» WORK ORDER:
Set down the data below in full and exactly, minus the pictures.

[Collected data]
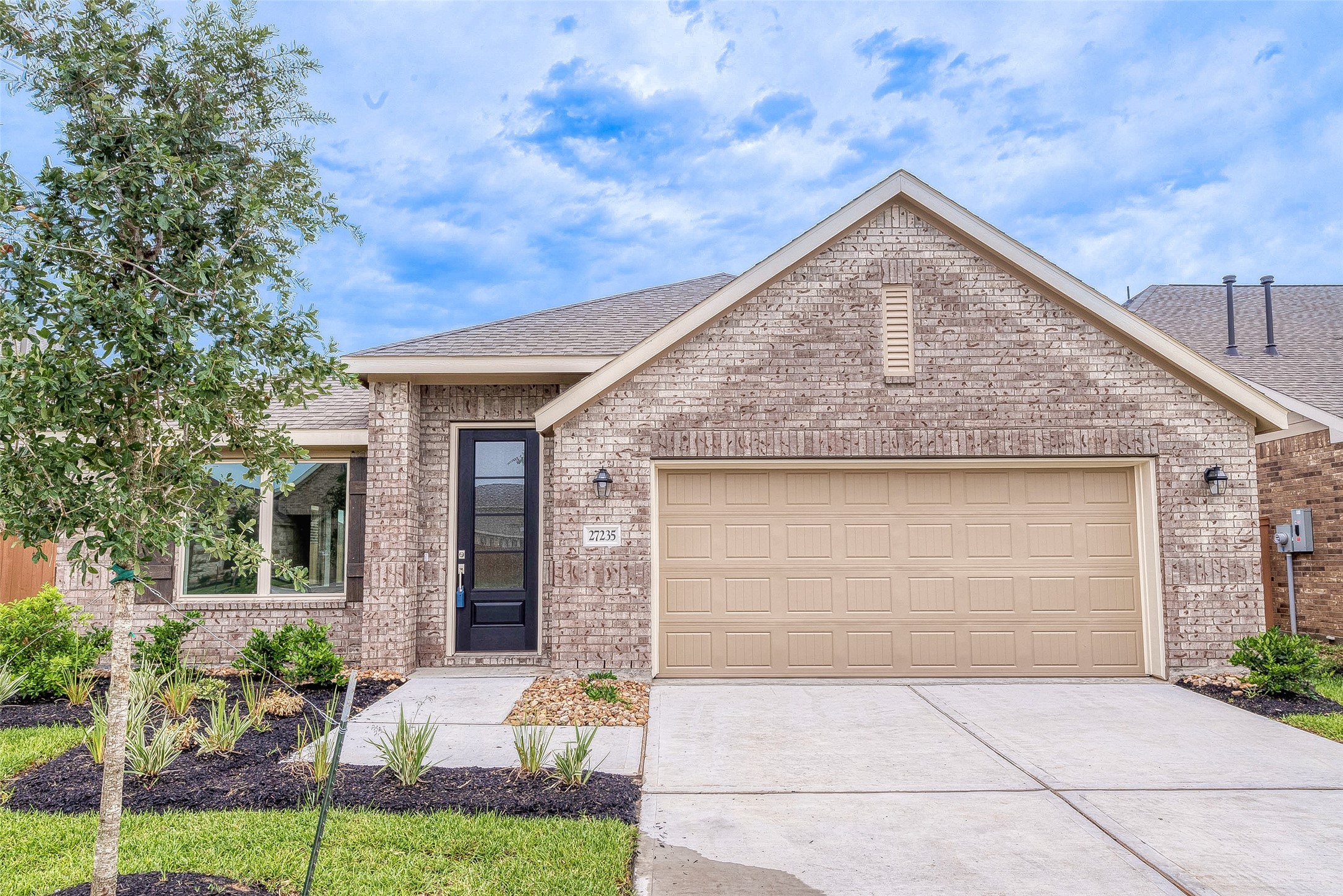 27235 Henley Rdg Drive Katy, TX 77493 - Photo 2 of 28 a front view of a house with garden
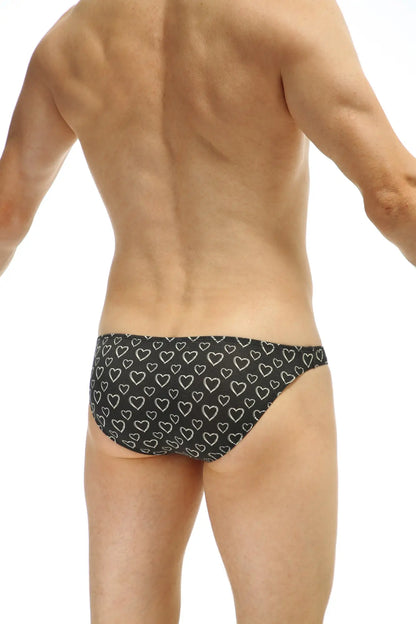 Black bikini briefs dumbo coeur with white outlined heart pattern in soft breathable fabric for everyday wear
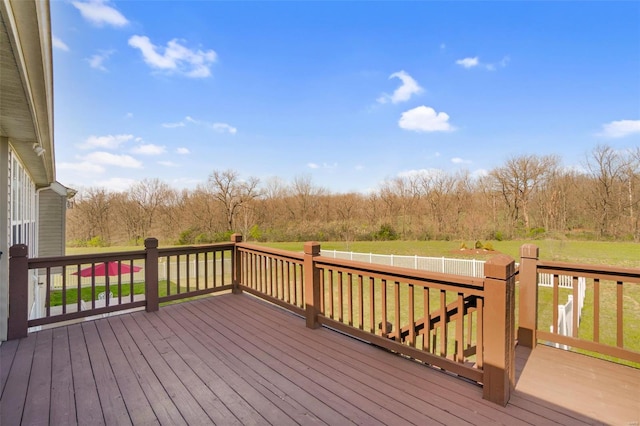 wooden terrace with a lawn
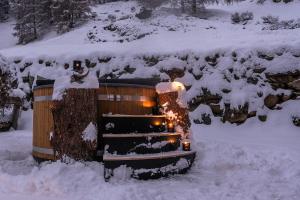 Ski in & out Chalet Marmo in Zermatt في زيرمات: حوض استحمام ساخن مع النار في الثلج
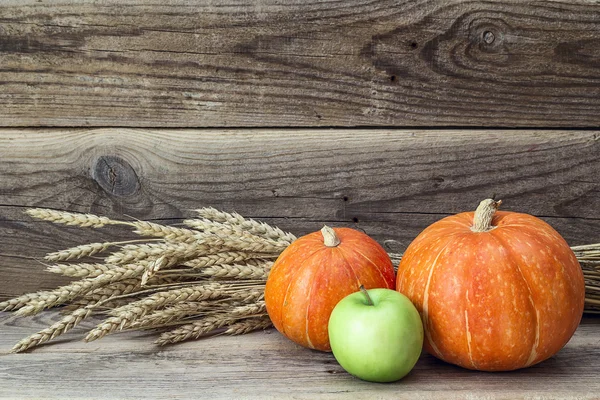 Stilleven met oranje pompoen, groene appel en oren van tarwe op — Stockfoto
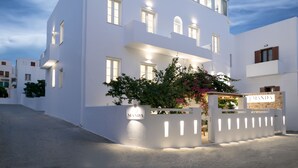 En modern vit byggnad med en skylt med texten ”MANDA” vid entrén, med ett takförsett utomhusområde med sittplatser och en väl upplyst fasad.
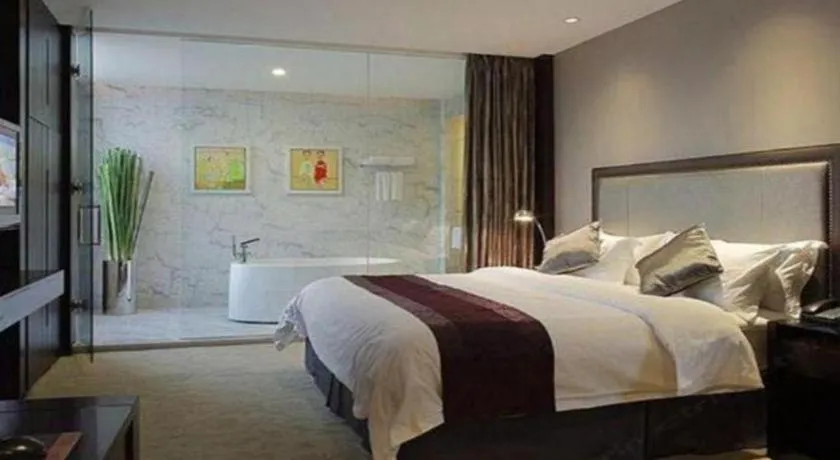 Bed in New Century Manju Hotel Shanghai New International Expo Center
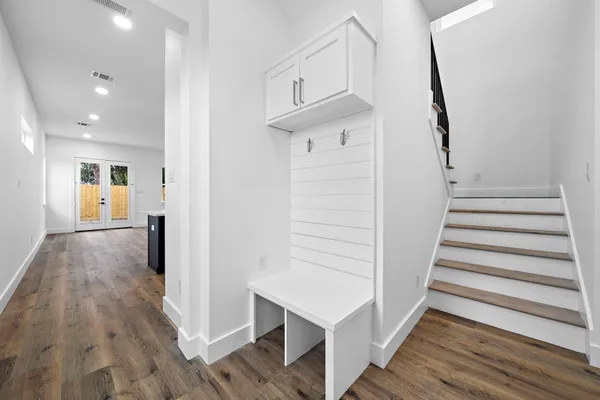 a view of a hallway with wooden floor and entryway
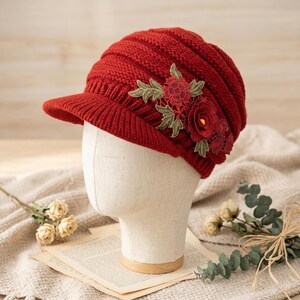 May include: A red knit hat with a small brim, adorned with a floral applique. The hat is displayed on a mannequin head. The floral design features red flowers and green leaves. The hat's texture is ribbed, and the color is a deep, rich red.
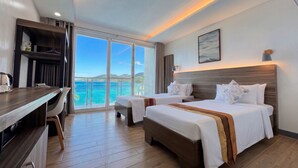 Habitación de hotel con dos camas, un escritorio y vista al mar.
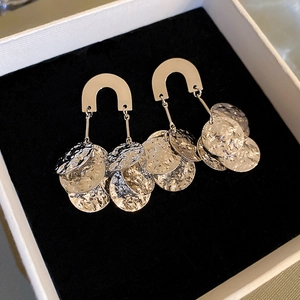 Detail of gold U-shaped earrings with hammered metal sequins on black velvet display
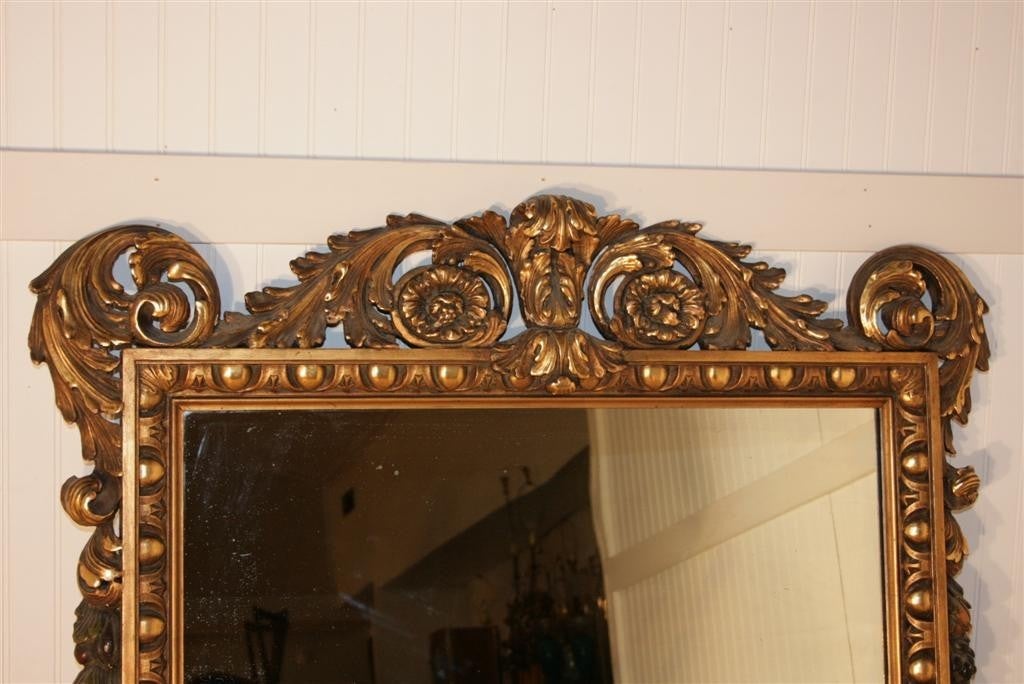 Antiker geschnitzter Rokoko/Barock-Spiegel mit einem sehr dekorativen, fein geschnitzten Rahmen aus vergoldetem Holz und polychromen, handgemalten und geschnitzten, mehrfarbigen Fruchtakzenten. Dieser atemberaubende Spiegel stammt etwa aus den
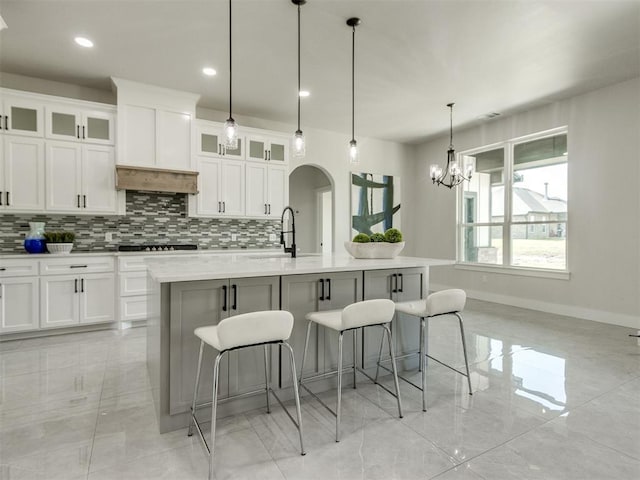 4850 Ranchero Dr, Edmond, OK 73025 - kitchen with a sink, tasteful backsplash, a kitchen bar, black electric cooktop, and white cabinetry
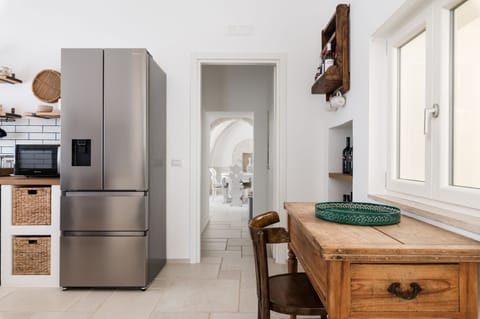 Villa | Private kitchen | Fridge, microwave, oven, stovetop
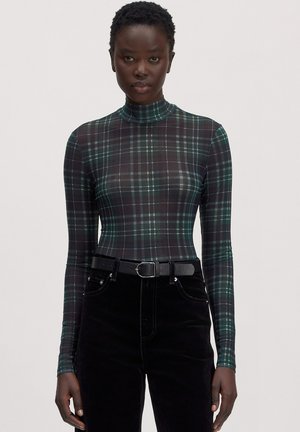 Vrouw draagt een aansluitende groen-zwarte ruit coltrui met lange mouwen, gestopt in een zwarte broek met hoge taille en een zwarte riem.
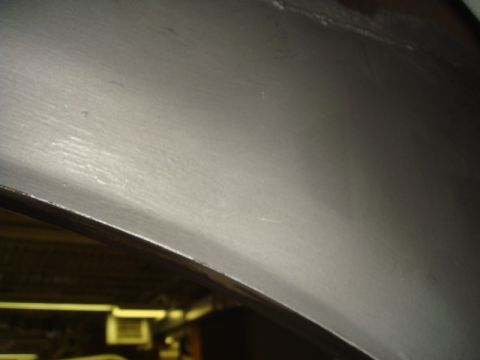 1996 Ford Bronco - Close-up view of a vehicle's inner fender, showing a gray painted surface with brush stroke texture.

» RESULT FOR THIS EXERCISE:
 27235 Henley Rdg Drive Katy, TX 77493 - Photo 2 of 28 a front view of a house with garden
 Black bikini briefs dumbo coeur with white outlined heart pattern in soft breathable fabric for everyday wear
 wooden terrace with a lawn
 Ski in & out Chalet Marmo in Zermatt في زيرمات: حوض استحمام ساخن مع النار في الثلج
 Stilleven met oranje pompoen, groene appel en oren van tarwe op — Stockfoto
 En modern vit byggnad med en skylt med texten ”MANDA” vid entrén, med ett takförsett utomhusområde med sittplatser och en väl upplyst fasad.
 Bed in New Century Manju Hotel Shanghai New International Expo Center
 a view of a hallway with wooden floor and entryway
 May include: A red knit hat with a small brim, adorned with a floral applique. The hat is displayed on a mannequin head. The floral design features red flowers and green leaves. The hat's texture is ribbed, and the color is a deep, rich red.
 Habitación de hotel con dos camas, un escritorio y vista al mar.
 Detail of gold U-shaped earrings with hammered metal sequins on black velvet display
 Antiker geschnitzter Rokoko/Barock-Spiegel mit einem sehr dekorativen, fein geschnitzten Rahmen aus vergoldetem Holz und polychromen, handgemalten und geschnitzten, mehrfarbigen Fruchtakzenten. Dieser atemberaubende Spiegel stammt etwa aus den
 4850 Ranchero Dr, Edmond, OK 73025 - kitchen with a sink, tasteful backsplash, a kitchen bar, black electric cooktop, and white cabinetry
 Villa | Private kitchen | Fridge, microwave, oven, stovetop
 Vrouw draagt een aansluitende groen-zwarte ruit coltrui met lange mouwen, gestopt in een zwarte broek met hoge taille en een zwarte riem.
 1996 Ford Bronco - Close-up view of a vehicle's inner fender, showing a gray painted surface with brush stroke texture.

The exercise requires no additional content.